Philadelphia Document Collector to Sell Valuable Artifacts

documents

Vintage document collector James Reis has a treasure trove of historical paperwork, and now he's putting it up for sale.

You wouldn’t think that piles of old paper could be worth very much, but if so, you haven’t seen James Reis’ collection. Reis, aged 73, is a Philadelphia-based real estate agent who has made a hobby of collecting old documents. Among his treasures is the original deed to George Washington’s first “White House,” located in Philadelphia on Market and Sixth Street. He also holds the paperwork to the home where Thomas Jefferson first drafted the Declaration of Independence, and a farm that is now part of Valley Forge National Historical Park.

Deeds aren’t all Reis has, either. He has years’ worth of correspondence between colonial financier Robert Morris and his children. He finds his treasures mostly at local bookstores, he says. He made his first big finds when he bought an old store with years of documents stacked to the ceiling. It cost him $20,000, but he believes that the paperwork he has found is far more valuable than that.
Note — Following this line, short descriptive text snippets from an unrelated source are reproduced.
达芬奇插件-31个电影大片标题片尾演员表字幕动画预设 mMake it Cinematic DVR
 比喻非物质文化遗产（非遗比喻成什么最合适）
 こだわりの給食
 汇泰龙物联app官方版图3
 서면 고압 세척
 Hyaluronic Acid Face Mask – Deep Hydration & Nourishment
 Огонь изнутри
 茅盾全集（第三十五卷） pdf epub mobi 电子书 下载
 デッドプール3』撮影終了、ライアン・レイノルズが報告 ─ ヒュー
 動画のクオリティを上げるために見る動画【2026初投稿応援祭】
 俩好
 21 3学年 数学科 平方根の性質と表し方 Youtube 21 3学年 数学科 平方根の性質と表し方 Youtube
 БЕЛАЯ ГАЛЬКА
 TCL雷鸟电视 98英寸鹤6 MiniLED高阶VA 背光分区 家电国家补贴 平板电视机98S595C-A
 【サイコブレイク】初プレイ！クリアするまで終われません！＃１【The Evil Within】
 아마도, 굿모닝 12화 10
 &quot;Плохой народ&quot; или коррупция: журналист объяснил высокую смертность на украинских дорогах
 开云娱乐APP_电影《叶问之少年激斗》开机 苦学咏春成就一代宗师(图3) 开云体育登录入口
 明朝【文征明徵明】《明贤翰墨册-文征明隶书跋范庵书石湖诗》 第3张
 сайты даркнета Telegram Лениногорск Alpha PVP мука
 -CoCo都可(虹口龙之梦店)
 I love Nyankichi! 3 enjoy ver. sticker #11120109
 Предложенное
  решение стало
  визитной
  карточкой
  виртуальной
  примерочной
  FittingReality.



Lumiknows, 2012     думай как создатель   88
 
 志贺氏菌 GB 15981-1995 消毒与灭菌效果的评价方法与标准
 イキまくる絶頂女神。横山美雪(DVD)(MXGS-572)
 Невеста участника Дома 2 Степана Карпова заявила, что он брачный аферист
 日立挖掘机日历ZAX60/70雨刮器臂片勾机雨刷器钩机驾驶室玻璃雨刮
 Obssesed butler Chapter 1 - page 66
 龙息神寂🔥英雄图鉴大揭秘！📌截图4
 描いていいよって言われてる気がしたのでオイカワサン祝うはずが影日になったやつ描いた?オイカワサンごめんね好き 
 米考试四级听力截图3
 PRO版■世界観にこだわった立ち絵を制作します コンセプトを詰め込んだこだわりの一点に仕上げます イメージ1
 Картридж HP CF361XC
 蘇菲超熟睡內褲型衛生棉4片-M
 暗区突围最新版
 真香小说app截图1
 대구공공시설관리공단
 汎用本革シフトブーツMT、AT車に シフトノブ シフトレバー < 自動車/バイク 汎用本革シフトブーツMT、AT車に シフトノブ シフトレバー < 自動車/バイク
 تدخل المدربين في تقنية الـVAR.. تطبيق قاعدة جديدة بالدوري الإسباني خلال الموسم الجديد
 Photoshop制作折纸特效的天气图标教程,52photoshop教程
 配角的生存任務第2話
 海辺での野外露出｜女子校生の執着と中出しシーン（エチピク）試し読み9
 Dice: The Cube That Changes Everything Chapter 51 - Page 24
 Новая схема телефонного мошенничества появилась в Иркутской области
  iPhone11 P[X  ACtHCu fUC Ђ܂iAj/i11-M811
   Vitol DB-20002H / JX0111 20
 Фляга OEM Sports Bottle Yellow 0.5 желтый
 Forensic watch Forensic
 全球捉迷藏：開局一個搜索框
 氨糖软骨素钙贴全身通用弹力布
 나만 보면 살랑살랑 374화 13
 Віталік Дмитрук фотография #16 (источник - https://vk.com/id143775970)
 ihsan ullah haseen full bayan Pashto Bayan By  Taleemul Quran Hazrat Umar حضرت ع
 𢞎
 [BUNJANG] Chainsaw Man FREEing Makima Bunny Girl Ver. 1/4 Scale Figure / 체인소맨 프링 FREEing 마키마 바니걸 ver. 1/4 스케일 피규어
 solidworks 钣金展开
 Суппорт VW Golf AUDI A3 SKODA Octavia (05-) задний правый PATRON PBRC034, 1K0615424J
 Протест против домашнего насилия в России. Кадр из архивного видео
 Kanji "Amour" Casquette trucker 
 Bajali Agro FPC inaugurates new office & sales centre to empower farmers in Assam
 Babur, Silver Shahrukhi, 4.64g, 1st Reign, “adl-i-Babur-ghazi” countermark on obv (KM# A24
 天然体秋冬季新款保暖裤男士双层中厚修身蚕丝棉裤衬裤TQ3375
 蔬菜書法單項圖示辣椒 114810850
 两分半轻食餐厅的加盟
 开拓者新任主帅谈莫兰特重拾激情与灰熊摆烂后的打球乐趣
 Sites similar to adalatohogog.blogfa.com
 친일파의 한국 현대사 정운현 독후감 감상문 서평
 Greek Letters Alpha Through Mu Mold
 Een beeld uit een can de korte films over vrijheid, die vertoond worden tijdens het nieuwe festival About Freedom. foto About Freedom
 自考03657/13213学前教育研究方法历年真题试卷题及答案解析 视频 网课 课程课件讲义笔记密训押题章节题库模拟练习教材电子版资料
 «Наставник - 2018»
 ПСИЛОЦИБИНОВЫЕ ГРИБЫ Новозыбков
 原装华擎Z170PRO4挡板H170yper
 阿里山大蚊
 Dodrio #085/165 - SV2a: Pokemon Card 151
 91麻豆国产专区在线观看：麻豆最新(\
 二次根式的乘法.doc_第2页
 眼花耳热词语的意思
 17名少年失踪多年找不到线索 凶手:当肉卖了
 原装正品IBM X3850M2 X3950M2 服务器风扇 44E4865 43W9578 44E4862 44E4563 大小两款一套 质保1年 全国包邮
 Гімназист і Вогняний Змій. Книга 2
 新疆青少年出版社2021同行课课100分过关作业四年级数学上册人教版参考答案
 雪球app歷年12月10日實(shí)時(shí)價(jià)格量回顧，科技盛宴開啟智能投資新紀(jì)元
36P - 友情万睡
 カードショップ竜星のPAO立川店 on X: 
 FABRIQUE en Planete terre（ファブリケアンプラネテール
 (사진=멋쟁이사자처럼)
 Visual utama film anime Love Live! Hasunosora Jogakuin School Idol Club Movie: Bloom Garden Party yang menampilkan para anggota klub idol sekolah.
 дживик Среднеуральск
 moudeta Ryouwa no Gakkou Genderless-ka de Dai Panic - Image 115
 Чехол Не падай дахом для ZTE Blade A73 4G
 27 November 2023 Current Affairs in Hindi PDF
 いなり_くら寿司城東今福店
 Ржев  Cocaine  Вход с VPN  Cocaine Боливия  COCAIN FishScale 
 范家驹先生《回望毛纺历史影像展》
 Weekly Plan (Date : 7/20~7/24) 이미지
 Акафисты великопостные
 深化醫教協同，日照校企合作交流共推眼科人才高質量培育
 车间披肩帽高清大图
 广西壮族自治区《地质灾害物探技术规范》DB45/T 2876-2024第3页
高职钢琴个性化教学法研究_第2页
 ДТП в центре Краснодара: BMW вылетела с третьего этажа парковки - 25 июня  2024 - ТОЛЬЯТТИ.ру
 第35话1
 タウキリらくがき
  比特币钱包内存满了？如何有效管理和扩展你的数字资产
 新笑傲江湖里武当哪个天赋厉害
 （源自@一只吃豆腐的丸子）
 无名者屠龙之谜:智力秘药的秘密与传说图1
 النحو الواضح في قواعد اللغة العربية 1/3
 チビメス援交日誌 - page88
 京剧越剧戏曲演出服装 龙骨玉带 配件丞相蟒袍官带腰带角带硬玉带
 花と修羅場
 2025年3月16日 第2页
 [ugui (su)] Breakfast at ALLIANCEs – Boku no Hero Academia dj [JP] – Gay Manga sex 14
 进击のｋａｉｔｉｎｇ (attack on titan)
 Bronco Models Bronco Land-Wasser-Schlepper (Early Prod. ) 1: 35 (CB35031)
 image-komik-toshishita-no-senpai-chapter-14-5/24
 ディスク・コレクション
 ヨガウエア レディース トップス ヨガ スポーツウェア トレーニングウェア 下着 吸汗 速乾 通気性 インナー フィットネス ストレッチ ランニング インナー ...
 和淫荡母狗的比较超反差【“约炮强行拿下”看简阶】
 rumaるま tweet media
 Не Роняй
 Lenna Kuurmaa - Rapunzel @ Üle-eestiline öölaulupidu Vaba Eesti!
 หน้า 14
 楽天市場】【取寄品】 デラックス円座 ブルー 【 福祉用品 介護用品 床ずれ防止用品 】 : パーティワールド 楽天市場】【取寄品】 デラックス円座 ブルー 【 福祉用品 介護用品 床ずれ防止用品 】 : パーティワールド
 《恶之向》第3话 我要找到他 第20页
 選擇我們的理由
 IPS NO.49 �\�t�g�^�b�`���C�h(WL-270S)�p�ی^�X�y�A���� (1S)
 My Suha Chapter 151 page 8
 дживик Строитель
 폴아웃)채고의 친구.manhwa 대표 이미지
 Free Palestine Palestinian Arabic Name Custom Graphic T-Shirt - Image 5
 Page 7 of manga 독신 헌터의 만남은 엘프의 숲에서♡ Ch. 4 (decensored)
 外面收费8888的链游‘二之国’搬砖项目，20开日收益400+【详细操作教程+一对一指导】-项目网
Now Reis, who is only getting older, wants to sell off his unique collection.

“Maybe a university will want them,” Reis told Fox News. “My only wish is that [the deeds] go to a good home where their historic value can be appreciated.”

The papers definitely could have historical value, says Lee Arnold, director of the Historical Society of Pennsylvania, who has not seen Reis’ collection. The right signature can make a document extremely valuable. Numerous documents also tend to have a more impressive value than just one paper, too, because they speak to both the sense of the collector, as well as the collection itself.

Reis knows that it will be hard to place a value on his collection, because the size and scope of it is unprecedented. He says that he has already been approached by academics, genealogical societies, and religious groups wanting to buy documents. He claims to have sold a single document to a Quaker congregation for over $10,000.